The next two days dragged by so slowly I thought they’d never end. I fell behind on my schoolwork because I just didn’t feel like doing it and my mom was too preoccupied going back and forth between checking on Ryoko and arguing with Paul about keeping her, that she didn’t have time to sit with me and force me to follow the directions of my teachers and their Google classrooms. She wanted me to be a “self-starter” and do it on my own. I wanted to do it and make her proud. I hated disappointing her. But I just couldn’t get myself to do it. My mind was on hold, scared of what might happen to Ryoko, waiting and hoping for her to summon us again. But I couldn’t tell my mom that. What happened between Ryoko, Caden and me was something no adult could know about. So I just had to accept that my mom thought I was being insolent for no apparent reason.

On the third day my mom came bouncing up the stairs a hundred times lighter. Ryoko had turned a corner! The household breathed a sigh of relief. Paul perked up and started back in with his dad jokes and general silliness that we all loved. Caden and I instantly became scholarly, caught up and finished our school work by 3:00. We spent the rest of the afternoon on the trampoline waiting for a sign.

At 5:00 on the dot, Ryoko sent the shimmery signal. Caden and I smiled at one another, climbed down from the trampoline and walked through the tall weeds up to the sliding glass door. There she sat, cross-legged and smiling at us.

She didn’t have the snoring machine on anymore, but she did have the cigarette in her mouth, as usual. It wasn’t until then that I realized that we could never smell her cigarettes, not in the house or in the backyard. How could that be? We sat down in front of her, just like the time before and this time it was a little different. She started to “talk” to us right away, but there were no longer any grammatical errors in her speech. She didn’t speak like English was her second language any more. Again, she wasn’t opening her mouth and speaking, but we could hear her clear as crystal. Ryoko told us her story. This is what she said: 

Ryoko’s mother Tumomi was pregnant in Japan during World War II. The people in her town heard that the Americans were going to bomb them, so they left and went to the top of a hill outside of town and they were camping there. Tumomi took her magical two-headed bird with her. The two heads got angry at one another, and one of them got the idea to poison the other one, but since they shared the same stomach they both died. Tumomi loved that bird, so she was really sad. Right at that moment when the bird died, a bomb was dropped on their town. Everything suddenly was blindingly white, like a million camera flashes on a sheet of snow. At that moment Tumomi went into labor, and as her city turned to ash, Ryoko was born. It was the atomic bomb. Tumomi told Ryoko that she carried the spirit of the two-headed bird in her. And it was true.

Ryoko told us that her life was very hard. Her dad died in the bomb and her mom was always sad because she lost both her husband and her beloved bird at the same time. Ryoko said that two forces of the bird were always fighting each other inside her.
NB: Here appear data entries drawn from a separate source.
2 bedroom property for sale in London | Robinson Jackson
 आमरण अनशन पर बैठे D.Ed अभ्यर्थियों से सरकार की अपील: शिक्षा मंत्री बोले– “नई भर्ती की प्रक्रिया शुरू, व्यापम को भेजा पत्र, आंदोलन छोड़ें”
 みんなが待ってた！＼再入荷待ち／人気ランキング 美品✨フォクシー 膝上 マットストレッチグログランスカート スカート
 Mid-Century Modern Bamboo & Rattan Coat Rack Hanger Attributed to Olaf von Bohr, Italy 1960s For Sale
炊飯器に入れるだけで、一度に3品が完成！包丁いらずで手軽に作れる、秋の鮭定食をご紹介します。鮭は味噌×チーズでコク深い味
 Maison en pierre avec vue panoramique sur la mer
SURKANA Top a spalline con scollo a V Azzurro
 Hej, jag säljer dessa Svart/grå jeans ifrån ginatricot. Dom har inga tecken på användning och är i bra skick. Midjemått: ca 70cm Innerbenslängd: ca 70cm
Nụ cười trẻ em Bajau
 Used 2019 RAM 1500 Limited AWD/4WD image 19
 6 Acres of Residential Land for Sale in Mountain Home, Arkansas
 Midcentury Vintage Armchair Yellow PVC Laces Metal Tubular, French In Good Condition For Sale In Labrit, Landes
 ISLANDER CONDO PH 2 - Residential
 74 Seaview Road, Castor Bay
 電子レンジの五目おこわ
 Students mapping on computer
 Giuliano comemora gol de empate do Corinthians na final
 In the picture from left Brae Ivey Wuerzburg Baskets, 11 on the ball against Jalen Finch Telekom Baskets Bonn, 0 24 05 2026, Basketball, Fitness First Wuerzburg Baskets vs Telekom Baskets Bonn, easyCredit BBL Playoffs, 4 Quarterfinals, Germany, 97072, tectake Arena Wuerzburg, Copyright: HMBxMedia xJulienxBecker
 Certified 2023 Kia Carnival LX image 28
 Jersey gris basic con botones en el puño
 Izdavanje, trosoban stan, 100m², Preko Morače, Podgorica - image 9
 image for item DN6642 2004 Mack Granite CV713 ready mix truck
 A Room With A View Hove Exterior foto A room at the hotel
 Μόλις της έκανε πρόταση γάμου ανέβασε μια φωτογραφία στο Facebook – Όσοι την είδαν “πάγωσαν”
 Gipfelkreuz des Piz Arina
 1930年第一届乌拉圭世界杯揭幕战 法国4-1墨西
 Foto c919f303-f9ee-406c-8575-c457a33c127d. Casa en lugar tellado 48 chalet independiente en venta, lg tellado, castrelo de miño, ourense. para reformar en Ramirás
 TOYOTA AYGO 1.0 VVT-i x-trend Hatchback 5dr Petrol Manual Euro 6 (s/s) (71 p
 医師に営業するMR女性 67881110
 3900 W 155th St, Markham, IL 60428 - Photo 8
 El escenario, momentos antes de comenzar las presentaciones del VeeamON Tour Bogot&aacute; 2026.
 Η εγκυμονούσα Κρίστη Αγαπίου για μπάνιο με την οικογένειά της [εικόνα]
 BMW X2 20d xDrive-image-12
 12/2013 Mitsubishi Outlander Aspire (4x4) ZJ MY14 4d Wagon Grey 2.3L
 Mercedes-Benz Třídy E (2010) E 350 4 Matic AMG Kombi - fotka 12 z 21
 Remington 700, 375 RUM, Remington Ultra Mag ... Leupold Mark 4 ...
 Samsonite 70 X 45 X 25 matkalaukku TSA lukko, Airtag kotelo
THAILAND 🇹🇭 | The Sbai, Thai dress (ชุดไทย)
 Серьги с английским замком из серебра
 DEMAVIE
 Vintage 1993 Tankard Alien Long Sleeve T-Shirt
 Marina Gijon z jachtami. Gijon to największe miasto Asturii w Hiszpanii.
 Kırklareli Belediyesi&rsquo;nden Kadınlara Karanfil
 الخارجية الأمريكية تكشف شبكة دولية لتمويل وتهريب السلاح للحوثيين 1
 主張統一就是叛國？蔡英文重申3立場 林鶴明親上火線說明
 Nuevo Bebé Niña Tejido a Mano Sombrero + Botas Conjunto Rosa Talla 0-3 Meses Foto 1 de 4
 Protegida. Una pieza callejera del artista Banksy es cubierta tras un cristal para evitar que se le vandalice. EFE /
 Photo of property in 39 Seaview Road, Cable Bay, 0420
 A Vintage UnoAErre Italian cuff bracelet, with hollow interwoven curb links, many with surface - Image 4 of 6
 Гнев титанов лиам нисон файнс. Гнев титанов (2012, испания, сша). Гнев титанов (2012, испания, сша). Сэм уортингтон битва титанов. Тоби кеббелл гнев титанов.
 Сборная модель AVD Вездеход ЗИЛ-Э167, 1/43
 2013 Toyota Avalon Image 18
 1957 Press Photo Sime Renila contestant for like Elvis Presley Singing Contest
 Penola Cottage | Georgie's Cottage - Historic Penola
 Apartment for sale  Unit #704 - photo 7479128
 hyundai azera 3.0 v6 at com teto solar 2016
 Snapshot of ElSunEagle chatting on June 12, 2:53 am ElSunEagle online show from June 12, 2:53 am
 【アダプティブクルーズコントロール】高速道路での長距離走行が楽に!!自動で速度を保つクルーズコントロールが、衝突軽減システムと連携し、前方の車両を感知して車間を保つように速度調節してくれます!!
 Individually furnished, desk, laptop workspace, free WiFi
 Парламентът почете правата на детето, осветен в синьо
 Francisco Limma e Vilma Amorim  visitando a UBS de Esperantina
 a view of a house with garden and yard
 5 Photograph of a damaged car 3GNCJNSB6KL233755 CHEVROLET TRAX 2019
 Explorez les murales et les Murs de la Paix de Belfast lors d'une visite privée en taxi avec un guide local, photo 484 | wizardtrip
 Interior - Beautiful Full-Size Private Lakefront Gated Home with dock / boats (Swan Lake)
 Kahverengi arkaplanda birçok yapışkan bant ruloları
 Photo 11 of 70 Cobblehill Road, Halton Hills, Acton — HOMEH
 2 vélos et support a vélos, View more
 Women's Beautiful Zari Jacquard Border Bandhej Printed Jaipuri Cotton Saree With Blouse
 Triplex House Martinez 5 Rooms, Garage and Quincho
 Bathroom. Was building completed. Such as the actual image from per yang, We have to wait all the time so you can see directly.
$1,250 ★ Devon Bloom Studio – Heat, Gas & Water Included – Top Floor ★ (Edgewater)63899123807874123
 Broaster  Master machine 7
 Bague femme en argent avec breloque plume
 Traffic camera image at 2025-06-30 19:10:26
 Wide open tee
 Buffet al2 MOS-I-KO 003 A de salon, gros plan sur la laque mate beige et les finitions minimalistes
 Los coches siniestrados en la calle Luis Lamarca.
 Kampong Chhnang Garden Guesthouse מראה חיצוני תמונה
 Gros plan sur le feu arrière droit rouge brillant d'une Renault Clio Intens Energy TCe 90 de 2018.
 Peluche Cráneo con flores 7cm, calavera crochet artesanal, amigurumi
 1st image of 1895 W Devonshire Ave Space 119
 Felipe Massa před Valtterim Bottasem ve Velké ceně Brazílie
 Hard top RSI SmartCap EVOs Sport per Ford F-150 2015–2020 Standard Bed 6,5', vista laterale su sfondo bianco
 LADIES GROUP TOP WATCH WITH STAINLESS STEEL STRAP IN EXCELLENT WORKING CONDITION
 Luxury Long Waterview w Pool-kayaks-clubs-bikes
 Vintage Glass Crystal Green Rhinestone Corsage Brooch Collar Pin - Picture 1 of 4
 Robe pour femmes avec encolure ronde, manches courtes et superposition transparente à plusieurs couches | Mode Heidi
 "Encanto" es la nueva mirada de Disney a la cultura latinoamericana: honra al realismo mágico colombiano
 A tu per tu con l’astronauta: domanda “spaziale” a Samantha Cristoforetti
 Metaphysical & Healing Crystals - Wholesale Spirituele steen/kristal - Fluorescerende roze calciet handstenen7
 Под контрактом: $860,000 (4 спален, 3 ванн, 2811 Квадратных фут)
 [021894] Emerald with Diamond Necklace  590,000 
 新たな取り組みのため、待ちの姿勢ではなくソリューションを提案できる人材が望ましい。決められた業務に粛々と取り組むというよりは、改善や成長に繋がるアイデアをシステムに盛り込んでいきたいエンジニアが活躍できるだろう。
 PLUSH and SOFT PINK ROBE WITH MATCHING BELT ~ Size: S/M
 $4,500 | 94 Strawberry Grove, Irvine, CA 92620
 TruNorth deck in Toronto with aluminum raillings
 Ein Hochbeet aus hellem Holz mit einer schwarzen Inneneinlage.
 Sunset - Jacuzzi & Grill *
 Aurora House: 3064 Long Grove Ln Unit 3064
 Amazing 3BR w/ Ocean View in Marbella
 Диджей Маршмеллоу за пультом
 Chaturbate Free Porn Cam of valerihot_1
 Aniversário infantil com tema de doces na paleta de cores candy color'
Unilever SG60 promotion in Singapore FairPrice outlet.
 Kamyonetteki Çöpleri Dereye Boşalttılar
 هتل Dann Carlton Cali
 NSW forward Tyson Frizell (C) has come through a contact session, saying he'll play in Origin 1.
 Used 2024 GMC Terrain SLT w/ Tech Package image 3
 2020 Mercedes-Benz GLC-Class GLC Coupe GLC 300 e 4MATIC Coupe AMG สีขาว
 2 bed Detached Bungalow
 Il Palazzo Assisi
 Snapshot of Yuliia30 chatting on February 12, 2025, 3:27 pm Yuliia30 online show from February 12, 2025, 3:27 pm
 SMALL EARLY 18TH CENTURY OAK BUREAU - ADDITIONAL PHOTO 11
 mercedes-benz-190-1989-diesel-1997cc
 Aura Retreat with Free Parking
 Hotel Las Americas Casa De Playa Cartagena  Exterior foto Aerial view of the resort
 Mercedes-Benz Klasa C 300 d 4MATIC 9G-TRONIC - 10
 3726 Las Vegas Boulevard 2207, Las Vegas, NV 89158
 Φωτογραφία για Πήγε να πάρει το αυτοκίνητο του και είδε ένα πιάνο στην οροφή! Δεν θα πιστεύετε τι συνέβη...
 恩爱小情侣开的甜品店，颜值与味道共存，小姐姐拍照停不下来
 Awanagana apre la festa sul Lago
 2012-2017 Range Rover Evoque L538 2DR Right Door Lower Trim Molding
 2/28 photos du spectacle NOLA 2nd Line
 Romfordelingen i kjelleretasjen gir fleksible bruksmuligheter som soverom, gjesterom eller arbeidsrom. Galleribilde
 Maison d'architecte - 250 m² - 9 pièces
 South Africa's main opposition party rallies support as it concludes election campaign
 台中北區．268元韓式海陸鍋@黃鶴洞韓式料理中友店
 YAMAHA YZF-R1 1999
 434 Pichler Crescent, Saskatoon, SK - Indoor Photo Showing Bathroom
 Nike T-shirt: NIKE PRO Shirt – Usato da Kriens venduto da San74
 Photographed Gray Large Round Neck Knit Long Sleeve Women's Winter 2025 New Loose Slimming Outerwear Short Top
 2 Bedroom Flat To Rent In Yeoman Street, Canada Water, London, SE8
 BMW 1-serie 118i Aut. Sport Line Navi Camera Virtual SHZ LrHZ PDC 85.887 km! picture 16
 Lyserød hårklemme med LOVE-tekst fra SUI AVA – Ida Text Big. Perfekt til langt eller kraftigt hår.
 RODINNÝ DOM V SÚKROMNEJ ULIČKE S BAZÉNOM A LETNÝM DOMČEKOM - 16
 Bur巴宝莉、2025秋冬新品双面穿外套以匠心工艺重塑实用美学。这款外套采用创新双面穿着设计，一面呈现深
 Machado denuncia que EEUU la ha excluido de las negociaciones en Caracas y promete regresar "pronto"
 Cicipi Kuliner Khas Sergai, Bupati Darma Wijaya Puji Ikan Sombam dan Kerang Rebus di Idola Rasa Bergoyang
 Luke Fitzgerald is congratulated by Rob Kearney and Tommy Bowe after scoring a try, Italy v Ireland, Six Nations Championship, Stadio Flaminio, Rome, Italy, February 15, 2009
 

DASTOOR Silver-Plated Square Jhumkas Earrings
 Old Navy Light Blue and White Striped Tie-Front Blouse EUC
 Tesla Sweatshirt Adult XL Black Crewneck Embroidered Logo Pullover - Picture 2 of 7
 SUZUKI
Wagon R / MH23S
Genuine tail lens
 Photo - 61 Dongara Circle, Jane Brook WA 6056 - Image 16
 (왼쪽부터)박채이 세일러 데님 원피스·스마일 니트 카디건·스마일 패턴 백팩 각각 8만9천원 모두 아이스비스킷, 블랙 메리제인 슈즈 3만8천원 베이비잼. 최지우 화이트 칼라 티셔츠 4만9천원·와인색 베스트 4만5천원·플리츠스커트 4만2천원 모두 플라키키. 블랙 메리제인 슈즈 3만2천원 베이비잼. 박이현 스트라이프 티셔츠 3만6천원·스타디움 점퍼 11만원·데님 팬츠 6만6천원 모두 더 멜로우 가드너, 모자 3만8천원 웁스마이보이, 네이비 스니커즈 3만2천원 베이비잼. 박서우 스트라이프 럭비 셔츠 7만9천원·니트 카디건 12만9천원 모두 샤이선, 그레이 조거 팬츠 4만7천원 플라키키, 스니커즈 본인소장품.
Maybe it’s because she was born when the bomb landed, or maybe it’s because of the spirit of the two-headed bird, but Ryoko has always been strange and a little bit magical. But no one understands her and she sometimes doesn’t even understand herself. Even so, she realized when the virus got her, that she still wanted to live. Because of the virus she found our mom and she found us and she will live. She told us to never give up. And don’t judge other people who are different from you. It was the regular kind of message you might get in school, but it was real because it came from Ryoko. She is a real-life magical person. She said she chose us because grown-ups don’t understand, but we’ll be grown-ups someday and hopefully we’ll still remember her.

After she told us her story, Ryoko just stopped talking. We waited. I could tell she wasn’t sick anymore by her easy movement. I knew she would probably be gone the next day. That made me sad, but I knew she needed her freedom, even if it was as a homeless person. 

She stood up and so did we.. She lifted her arms forward, bent them at the forearms, and made fists. 

And together, we danced the Carole Baskin.